Skip the images. Copy the records exactly as written.
=== ENTRIES SHOWN ===
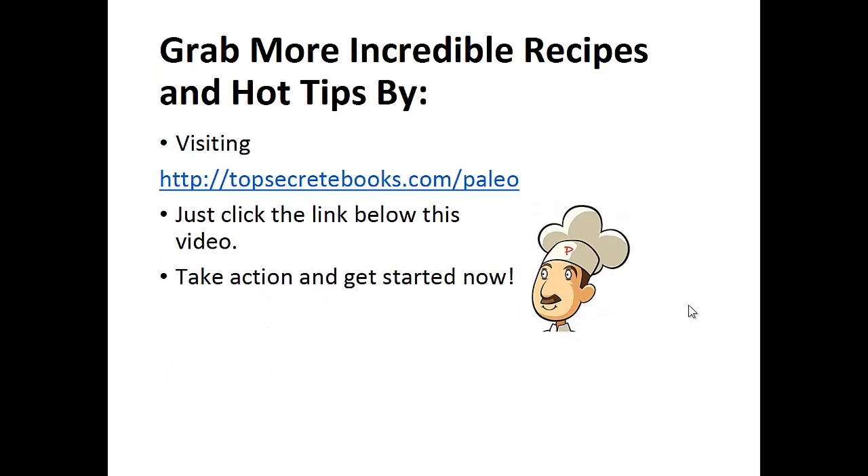If you enjoyed this video, then like the video and subscribe to my channel. If you'd like to learn more about the paleo diet so you can experience improved sugar control and weight loss, then click the link below the video, take action and go check it out.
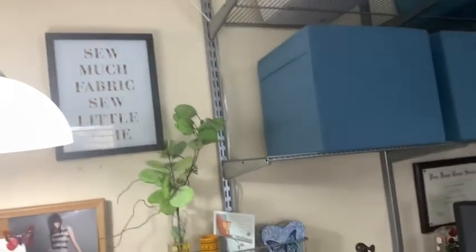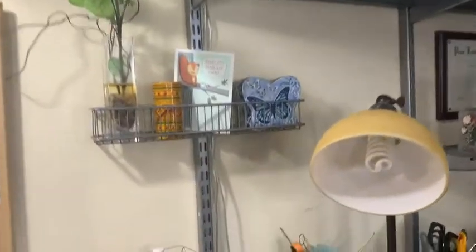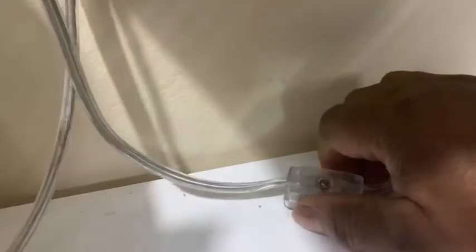And as you can see, the wire is quite long — it goes all the way down. And what I like about it is that it has a switch, an on/off switch that's easy to control.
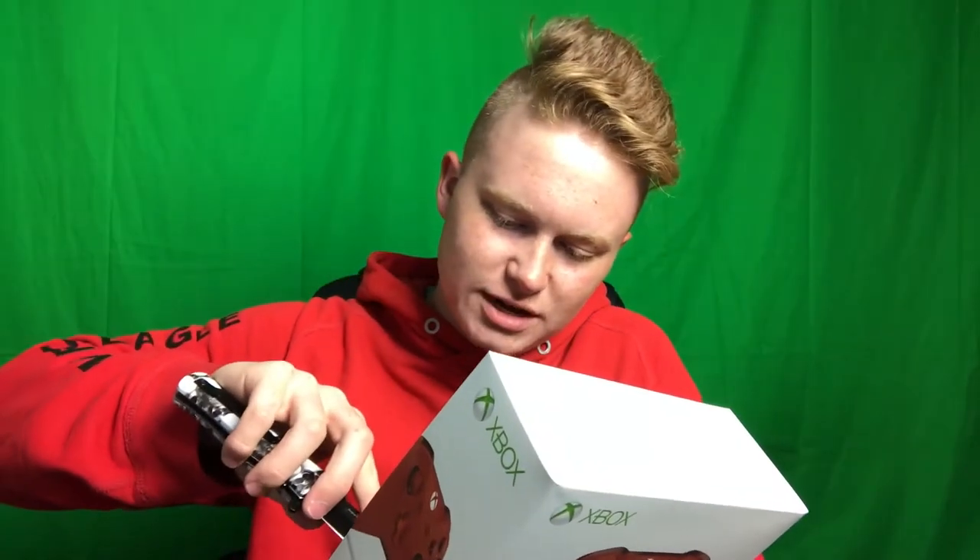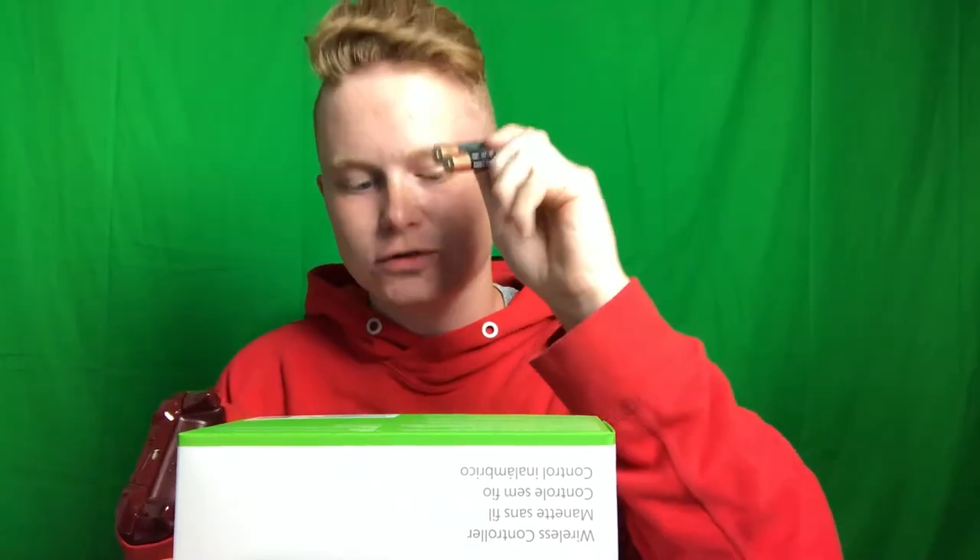I got the all-red Xbox One wireless controller. I have owned the Elite before, but I'm not the biggest fan of how heavy it is because there's so much metal inside. I'd much rather invest in something like a Scuf, but even the Xbox One Scufs — I just don't think they look clean at all.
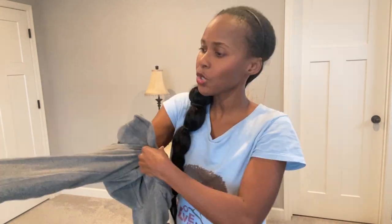Tip number one: always read the reviews before you purchase something, because the reviews said that it was kind of smaller made, and I'm glad I did that. This is fleece lined inside as well.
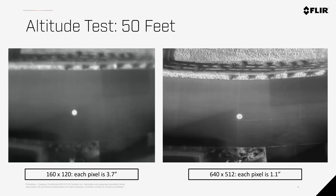As we move higher, the space on the ground each pixel represents increases. At this altitude, we're still able to get good identification with both cameras.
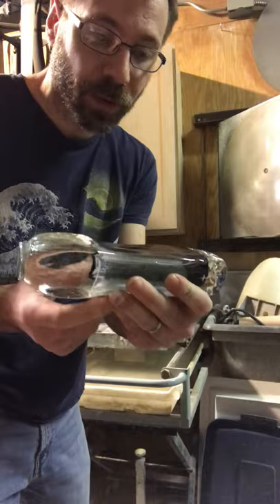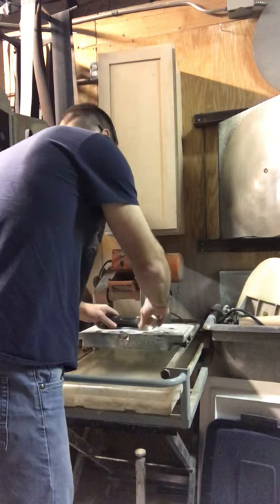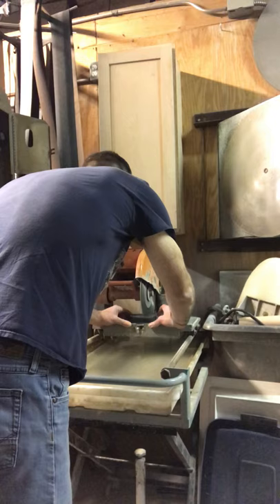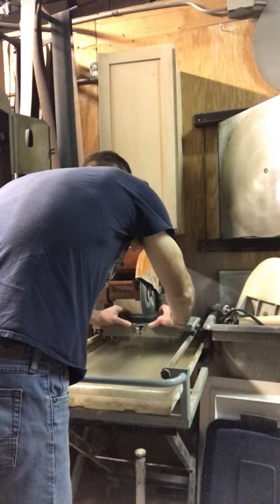It'll kind of mess things up, but we're going to cut it in half and see how good of a pull it did and see how it looks. Looks pretty good there, I think.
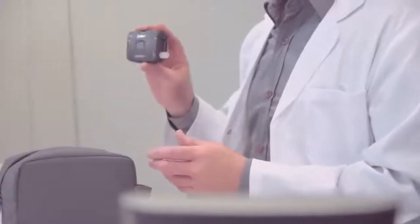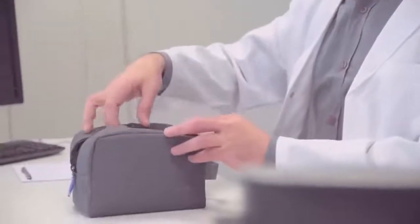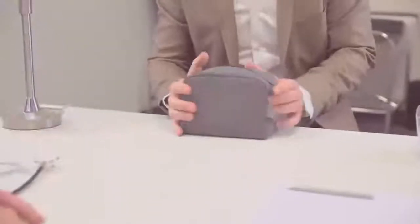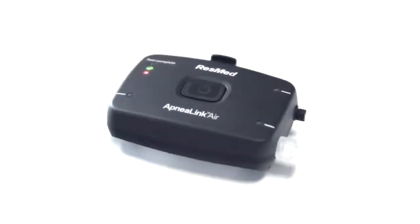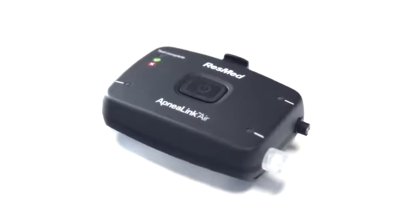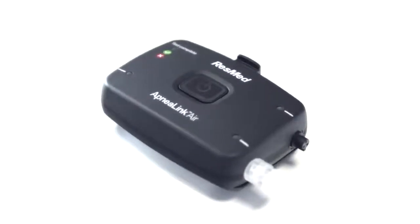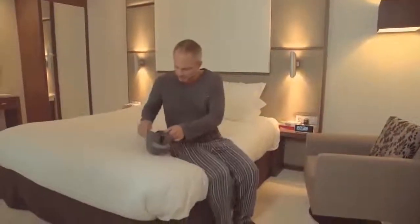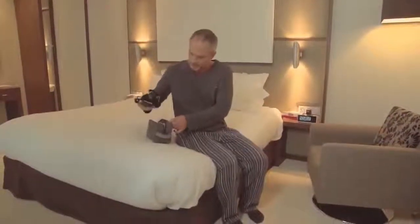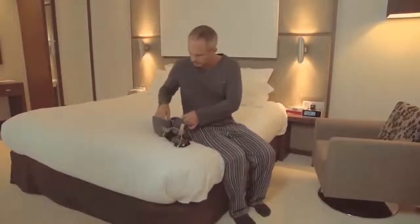Your clinician has recently given you an ApneaLink Air device to get tested for sleep apnea in the comfort of your own bedroom. Don't worry, it's simple and easy to use. ResMed ApneaLink Air is a device which helps to detect sleep apnea in one quick and simple overnight study. This short video will help to familiarize you with ResMed's ApneaLink Air and make sure you use it correctly and efficiently.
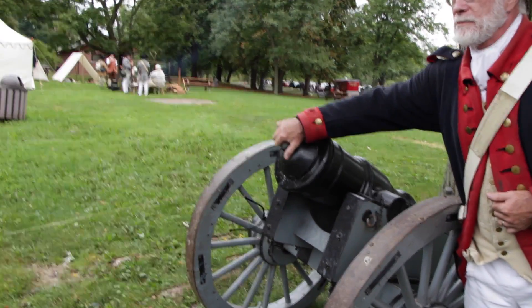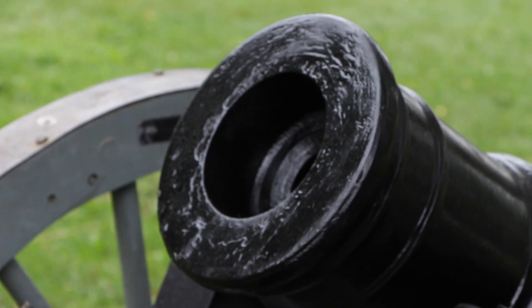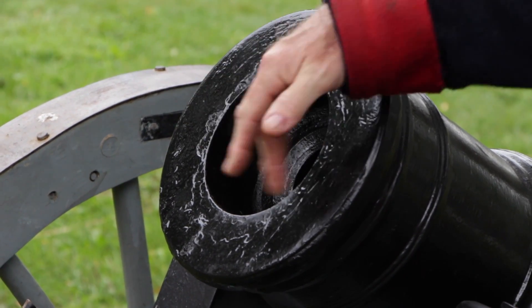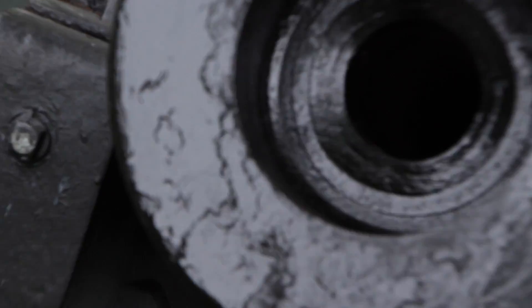Let's show you what the bore is here. Originally it was five-and-a-half inches — a big circle — but we had to pour it down to two-and-a-half inches just for safety reasons for today.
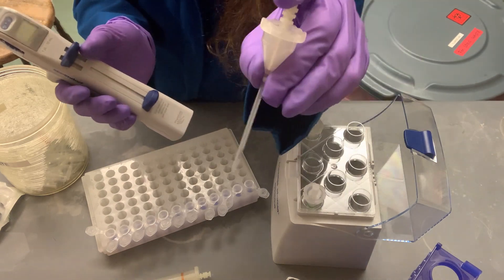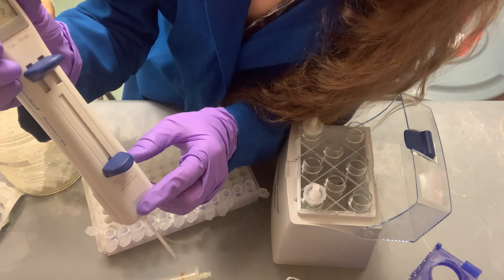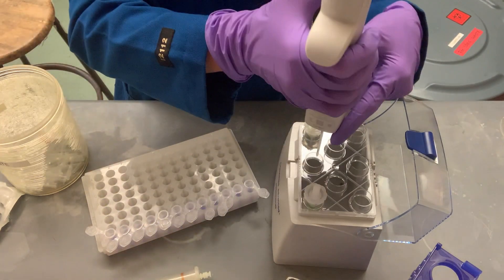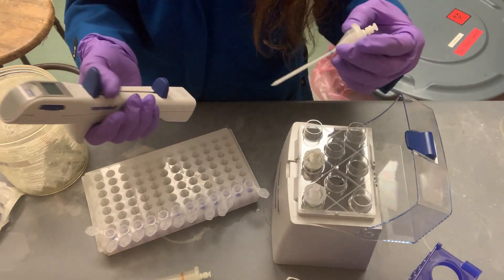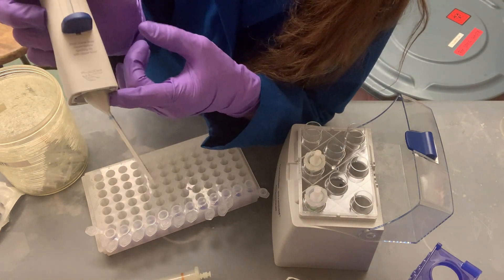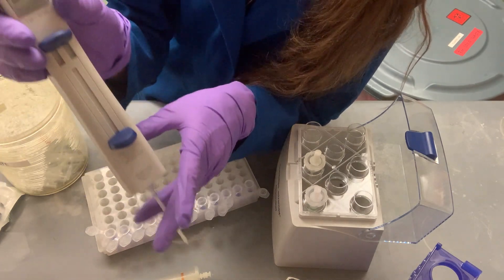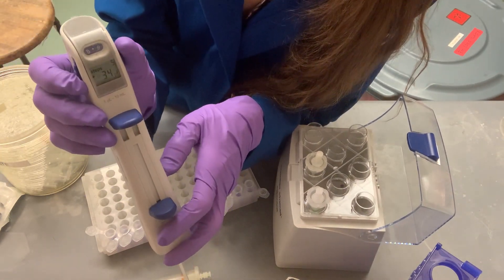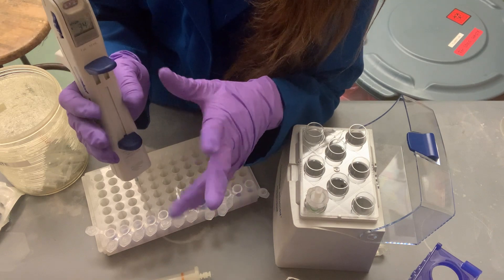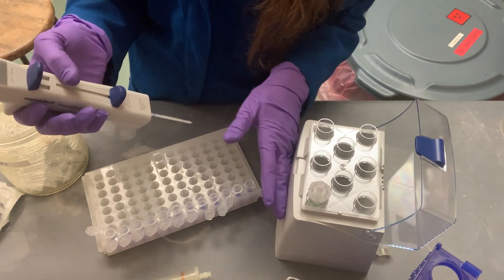The 100 µL tip allows step sizes of 1 µL. Make sure the tip goes in straight — if it's crooked it won't work; push it down until it's snapped in properly. The 200 µL tip moves in 2 µL step increments. So with the 100 µL tip you get 1 µL precision; with the 200 µL tip, only 2 µL increments. You might not be able to get exactly the volume you want.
===
**RESPONSE BELOW**
If you enjoyed this video, then like the video and subscribe to my channel. If you'd like to learn more about the paleo diet so you can experience improved sugar control and weight loss, then click the link below the video, take action and go check it out.
And as you can see, the wire is quite long — it goes all the way down. And what I like about it is that it has a switch, an on/off switch that's easy to control.
I got the all-red Xbox One wireless controller. I have owned the Elite before, but I'm not the biggest fan of how heavy it is because there's so much metal inside. I'd much rather invest in something like a Scuf, but even the Xbox One Scufs — I just don't think they look clean at all.
Tip number one: always read the reviews before you purchase something, because the reviews said that it was kind of smaller made, and I'm glad I did that. This is fleece lined inside as well.
As we move higher, the space on the ground each pixel represents increases. At this altitude, we're still able to get good identification with both cameras.
It'll kind of mess things up, but we're going to cut it in half and see how good of a pull it did and see how it looks. Looks pretty good there, I think.
Your clinician has recently given you an ApneaLink Air device to get tested for sleep apnea in the comfort of your own bedroom. Don't worry, it's simple and easy to use. ResMed ApneaLink Air is a device which helps to detect sleep apnea in one quick and simple overnight study. This short video will help to familiarize you with ResMed's ApneaLink Air and make sure you use it correctly and efficiently.
Let's show you what the bore is here. Originally it was five-and-a-half inches — a big circle — but we had to pour it down to two-and-a-half inches just for safety reasons for today.
The 100 µL tip allows step sizes of 1 µL. Make sure the tip goes in straight — if it's crooked it won't work; push it down until it's snapped in properly. The 200 µL tip moves in 2 µL step increments. So with the 100 µL tip you get 1 µL precision; with the 200 µL tip, only 2 µL increments. You might not be able to get exactly the volume you want.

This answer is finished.